▶ **Activity**:
The task calls for an exact retyping of the lines from the one holding "BioSkin - Innovative" through the end of the listing, with pictures omitted and nothing added.

▶ **Supplied records**:
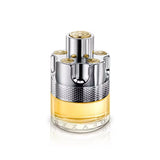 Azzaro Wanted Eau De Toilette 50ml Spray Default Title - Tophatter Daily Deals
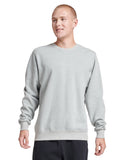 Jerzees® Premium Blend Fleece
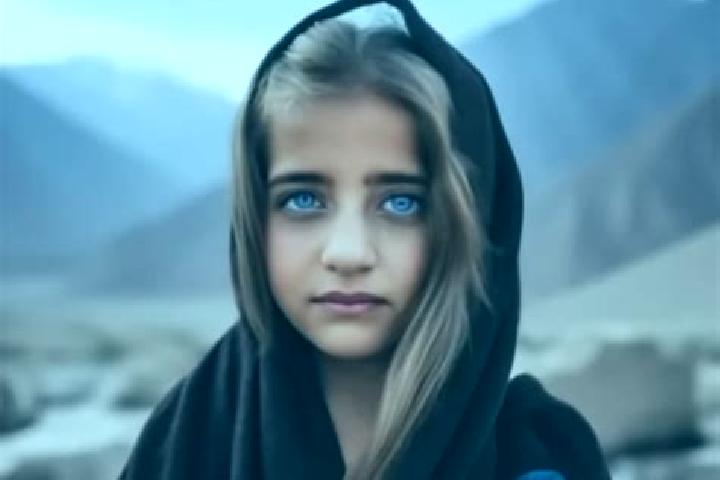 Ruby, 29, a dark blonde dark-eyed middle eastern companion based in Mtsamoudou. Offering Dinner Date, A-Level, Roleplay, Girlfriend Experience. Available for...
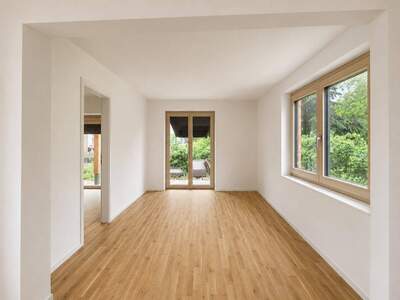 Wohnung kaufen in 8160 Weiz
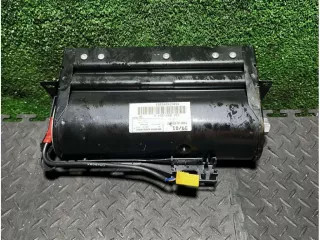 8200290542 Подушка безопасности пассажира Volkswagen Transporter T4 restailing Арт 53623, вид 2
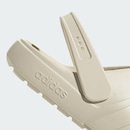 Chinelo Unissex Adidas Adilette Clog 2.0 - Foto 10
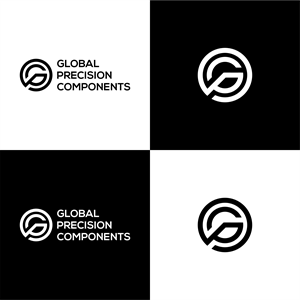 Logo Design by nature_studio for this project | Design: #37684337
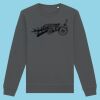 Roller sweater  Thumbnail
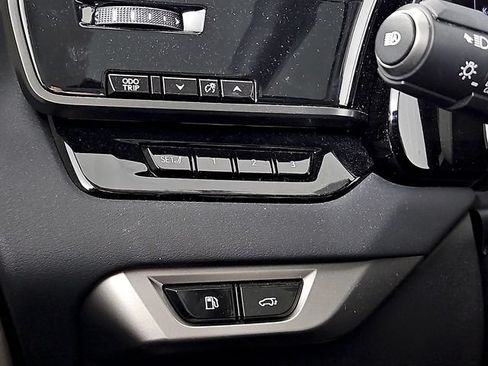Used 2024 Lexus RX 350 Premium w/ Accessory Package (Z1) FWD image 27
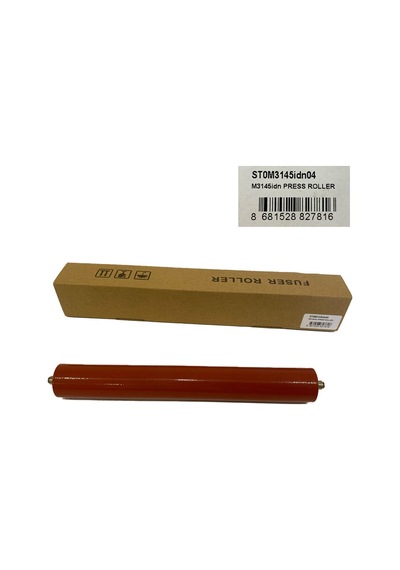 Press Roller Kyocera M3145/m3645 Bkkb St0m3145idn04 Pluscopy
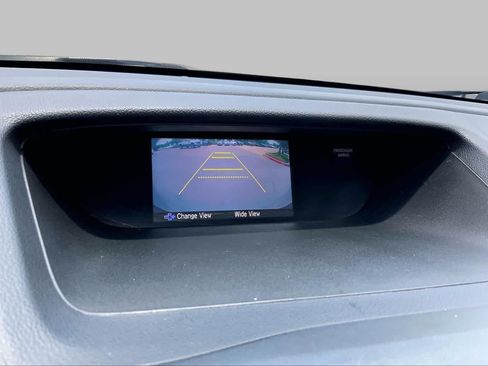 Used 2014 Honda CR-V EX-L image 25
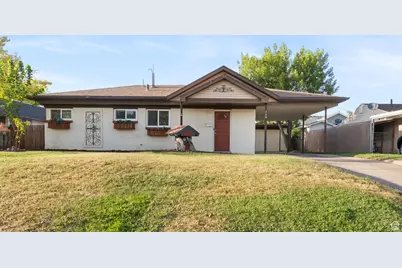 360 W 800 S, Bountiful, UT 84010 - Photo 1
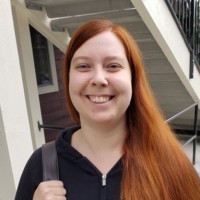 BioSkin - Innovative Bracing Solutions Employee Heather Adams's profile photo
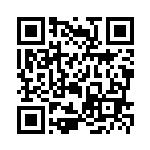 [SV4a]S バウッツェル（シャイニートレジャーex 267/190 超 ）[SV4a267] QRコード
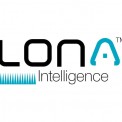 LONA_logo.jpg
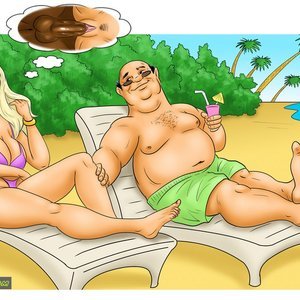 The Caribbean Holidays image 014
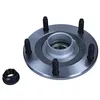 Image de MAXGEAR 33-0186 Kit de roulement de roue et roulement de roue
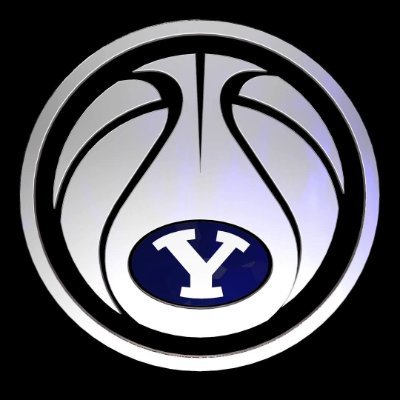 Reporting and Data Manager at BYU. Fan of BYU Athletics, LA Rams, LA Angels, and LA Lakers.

▶ **Result**:
 BioSkin - Innovative Bracing Solutions Employee Heather Adams's profile photo
 [SV4a]S バウッツェル（シャイニートレジャーex 267/190 超 ）[SV4a267] QRコード
 LONA_logo.jpg
 The Caribbean Holidays image 014
 Image de MAXGEAR 33-0186 Kit de roulement de roue et roulement de roue
 Reporting and Data Manager at BYU. Fan of BYU Athletics, LA Rams, LA Angels, and LA Lakers.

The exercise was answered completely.